The model successfully identified all six target taxa at 10,000× magnification. High confidence values (e.g., A 0.99, B 0.99, C 0.90, D 0.96) demonstrate the model’s ability to leverage fine morphological features for larger, well-defined targets. Lower confidence scores were observed for some instances of Giardia (E 0.28) and Trichomonas (F 0.39, 0.61), consistent with the error analysis: these targets are substantially smaller (10–20 μm vs. 40–100 μm for nematode eggs), making them more susceptible to partial occlusion and focal variations at extreme magnification. These results illustrate that while 10,000× enables detailed visualization of diagnostic features—beneficial for confirming species identity—it also demands optimal sample preparation and precise focusing. In clinical practice, a tiered approach is recommended: primary screening at 2500× followed by targeted 10,000× imaging for ambiguous cases.
4. Conclusions
This study systematically evaluated YOLOv8 for automated detection of parasitic elements in fecal samples across multiple magnifications, demonstrating high accuracy (Precision, Recall, and F1-score > 0.95 for most taxa) with real-time processing (<60 ms per image). A key finding is that 2500× magnification provides the optimal balance for primary screening, offering sufficient morphological detail while maintaining practical sample coverage. At this magnification, the model achieved near-perfect classification for five of six target taxa, with only Trichomonas showing slightly lower but still robust performance (AP@0.5 = 0.95). The lower confidence for smaller targets (Giardia cysts, Trichomonas trophozoites) reflects a multi-factorial trade-off rather than a simple resolution limitation, suggesting that future improvements could leverage multi-scale training or targeted data augmentation.

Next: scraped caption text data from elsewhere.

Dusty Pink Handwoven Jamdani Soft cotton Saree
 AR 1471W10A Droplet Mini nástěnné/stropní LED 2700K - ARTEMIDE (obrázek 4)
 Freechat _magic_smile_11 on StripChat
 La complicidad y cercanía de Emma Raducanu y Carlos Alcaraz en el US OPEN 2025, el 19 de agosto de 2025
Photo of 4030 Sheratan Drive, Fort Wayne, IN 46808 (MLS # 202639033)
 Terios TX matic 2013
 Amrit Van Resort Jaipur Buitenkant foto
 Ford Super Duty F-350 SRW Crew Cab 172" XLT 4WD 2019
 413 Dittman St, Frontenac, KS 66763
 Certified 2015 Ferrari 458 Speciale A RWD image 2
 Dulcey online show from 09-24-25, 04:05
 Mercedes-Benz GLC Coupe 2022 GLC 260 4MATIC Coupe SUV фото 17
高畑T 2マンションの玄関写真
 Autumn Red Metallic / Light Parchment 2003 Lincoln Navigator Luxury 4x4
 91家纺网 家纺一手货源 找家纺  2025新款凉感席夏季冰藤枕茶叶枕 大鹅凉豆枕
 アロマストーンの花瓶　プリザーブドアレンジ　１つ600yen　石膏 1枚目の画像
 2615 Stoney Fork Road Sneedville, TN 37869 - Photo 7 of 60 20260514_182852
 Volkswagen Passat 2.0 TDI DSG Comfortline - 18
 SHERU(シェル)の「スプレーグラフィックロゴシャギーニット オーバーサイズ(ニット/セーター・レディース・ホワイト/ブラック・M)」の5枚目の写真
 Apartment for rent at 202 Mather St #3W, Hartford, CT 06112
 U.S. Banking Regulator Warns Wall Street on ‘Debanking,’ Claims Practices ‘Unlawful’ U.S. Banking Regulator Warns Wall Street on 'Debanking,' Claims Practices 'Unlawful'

While 10,000× magnification preserves per-image discriminative power for confirmatory diagnosis, its reduced field of view imposes practical trade-offs in coverage efficiency—leading us to propose a tiered workflow: primary screening at 2500×, followed by targeted 10,000× imaging for ambiguous cases. Study limitations include single-device testing, lack of external validation on independent datasets from different institutions or geographic regions, and unverified performance on edge devices or embedded systems (e.g., portable microscopes, mobile platforms) that may be used in field settings, as all experiments were conducted on a desktop PC. Future work should therefore focus on multi-institutional collaborations to collect diverse datasets, prospective clinical trials to validate real-world diagnostic accuracy, and deployment studies to assess model performance after optimization for resource-constrained environments.